In the summer of 2022, after 10 years, the entire collection was re-examined for Bynesian decay. Though many formerly affected specimens were easily identifiable by the scarring (Fig. 9) they did not show any signs of new decay. However, in a control section of the original collection comprising specimens of little value that had not been treated, decay was visible in numerous shells that had not been seen at the beginning of the study (Fig. 10). This shows that inherently hygroscopic Bynesian decay is not halted only by movement to a stable environment, even one in a lower-humidity setting.

At the same time, the 27 shells from the earlier collection that had been treated in 2001 and returned to a nominally wood-based environment were re-examined (Figs. 11, 12). They are stored in a part of the building that has uncontrolled humidity, though it is somewhat lower than outside. No trace of new deterioration was found, suggesting that it does not easily recur in treated material, even in less-than-ideal storage, as long as humidity is not unusually high for prolonged periods.
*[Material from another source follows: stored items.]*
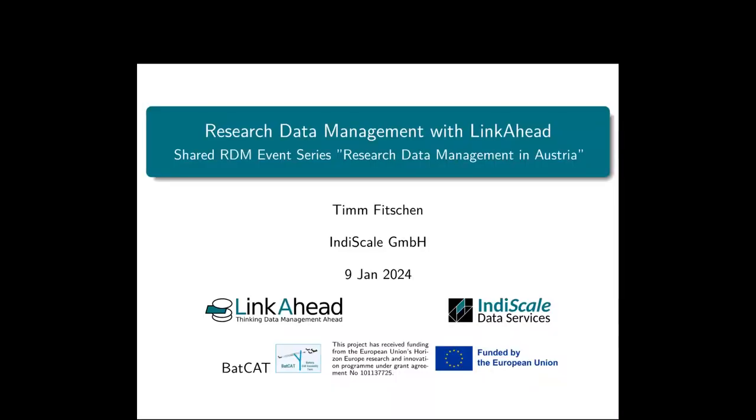Thanks for having me. My name is Tim Kitchen and I work at Indiscale GmbH in Göttingen. I will talk about research data management with LinkAhead today. I'm very happy that you are having me at the Research Data Management in Austria event series. Thanks to Alex for the kind introduction, and now I will start right away.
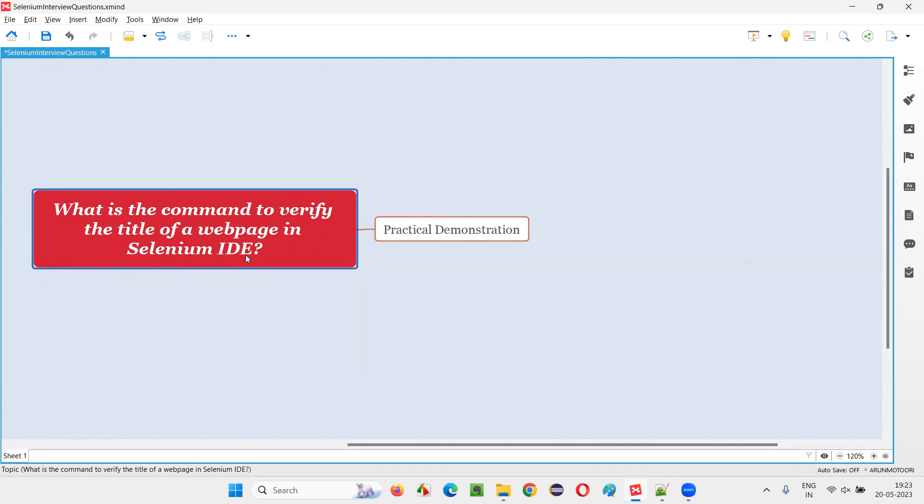Let me answer. In Selenium IDE, there are two ways or two commands to verify the title of the webpage. One is using the assert command, assert title. The other one is by using the verify command, verify title.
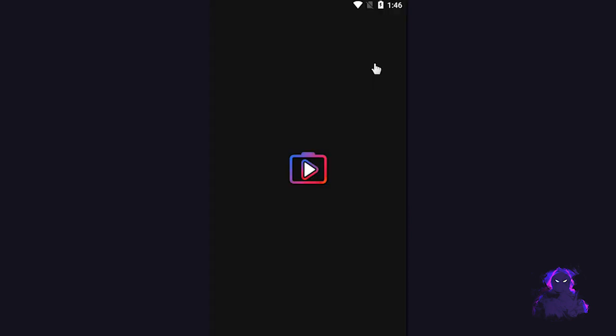Once it's downloaded, I'll click open. The application opens up and it looks very similar to YouTube, but let me quickly demonstrate how the settings look like.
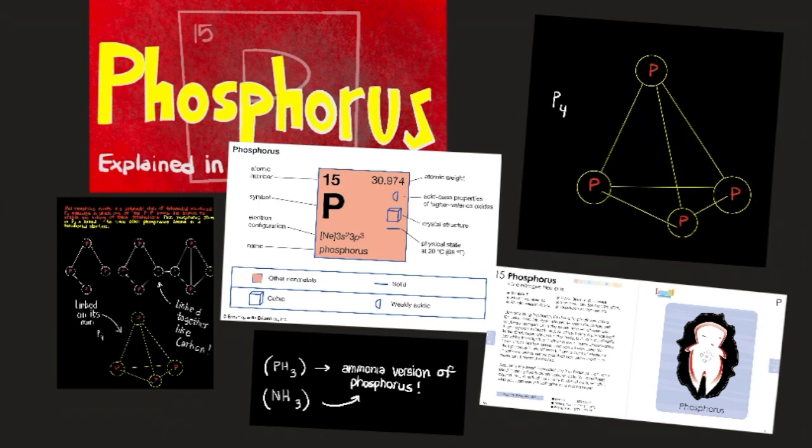Hello everyone. Today we're going to talk about the element phosphorus. Phosphorus is element number 15 on the periodic table. Phosphorus has various types of allotropes and combines in various different forms.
This project illustrates the distinction, well known among designers, between craft and production work. It is sometimes safer and more economical to set up a production line for, say, sorting, cataloging, and—in this case—treating material on a large scale, than to tackle lots individually or in batches. A production approach might seem to involve some waste and unnecessary effort at first, but its efficiency can yield a far higher output overall. It usually involves dedicating space, equipment, and people to a single project for a fixed period, and the limitation on time often restricts the rigor that can be applied to individual items. Even working as efficiently as possible, however, we estimate the overall labor cost of treating this collection at roughly $20,000, and that was before any cataloging could begin.
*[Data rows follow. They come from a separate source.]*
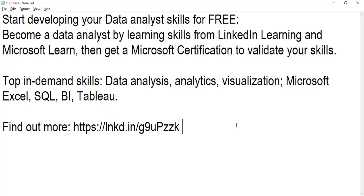Hello and welcome. This is Rahim Zulfikarali from Excel Basement Private Limited. In this video I will guide you on how you can start developing your data analyst skills for free.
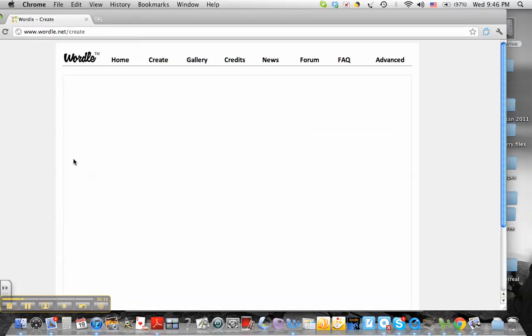Also, if you have a blog, you can paste in the URL, and it would pull it up from your blog. It takes a couple of minutes to process. Well, not really a couple of minutes, because then we'd be way out of time.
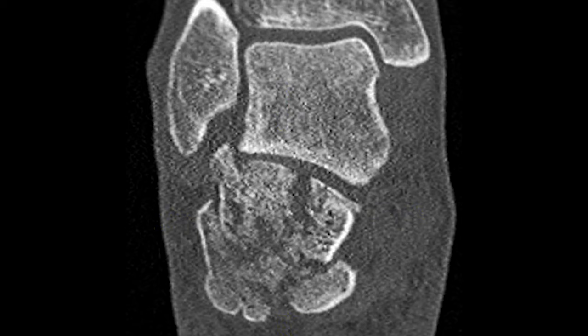According to the Sanders classification, this is a type 3 fracture. You can see two fracture lines on the coronal CT scan — these lines are in the A and B zones, so this is a Sanders 3AB fracture.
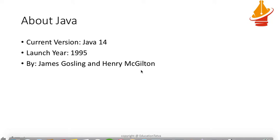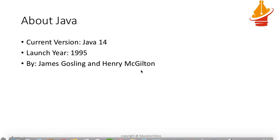Hello friends, welcome back to Education Tattwa. As we know, Java was launched 25 years ago. In these 25 years, Java has reached from version 1.0 to version 14.0. Java 1.0 was launched in 1995 by James Gosling and Henry McGillton at Sun Microsystems, which was later acquired by Oracle.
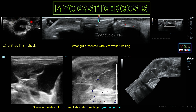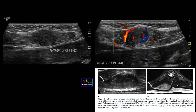Different swellings are shown — one in the cheek and another in the left eyelid. Whenever you see a cystic lesion with an echogenic nodular structure projecting from the wall into the lumen, definitely suspect cysticercosis. In another case, a three-year-old male child with right shoulder swelling shows a cystic lesion with multiple septae and no vascularity on color Doppler — this is a classical case of lymphangioma.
The generation of highly active shell collectors to which these donors belonged is now passing, and institutions such as the Academy of Natural Sciences are regularly being offered large collections. Institutions are committed to expanding their holdings, and particularly those of older material with reliable data, but the costs associated with cataloging, housing, and maintaining a collection continue to grow faster than do endowments and operating funds. In the present case it was known that the collection had Bynesian decay, but its unusually expansive coverage of a single family made it an important acquisition. Nevertheless, its owner did not finance the remedial work, even when the scope of the problem had become clear, and in that regard this paper could be seen as a cautionary tale. Wherever possible, arrangements for the donation of a collection should be made well in advance and should include a discussion of the likely expense.

The authors thank Andrew Bentley (Biodiversity Institute and Natural History Museum, University of Kansas) and Jean-Marc Gagnon (Canadian Museum of Nature) for thoughtful and productive comments.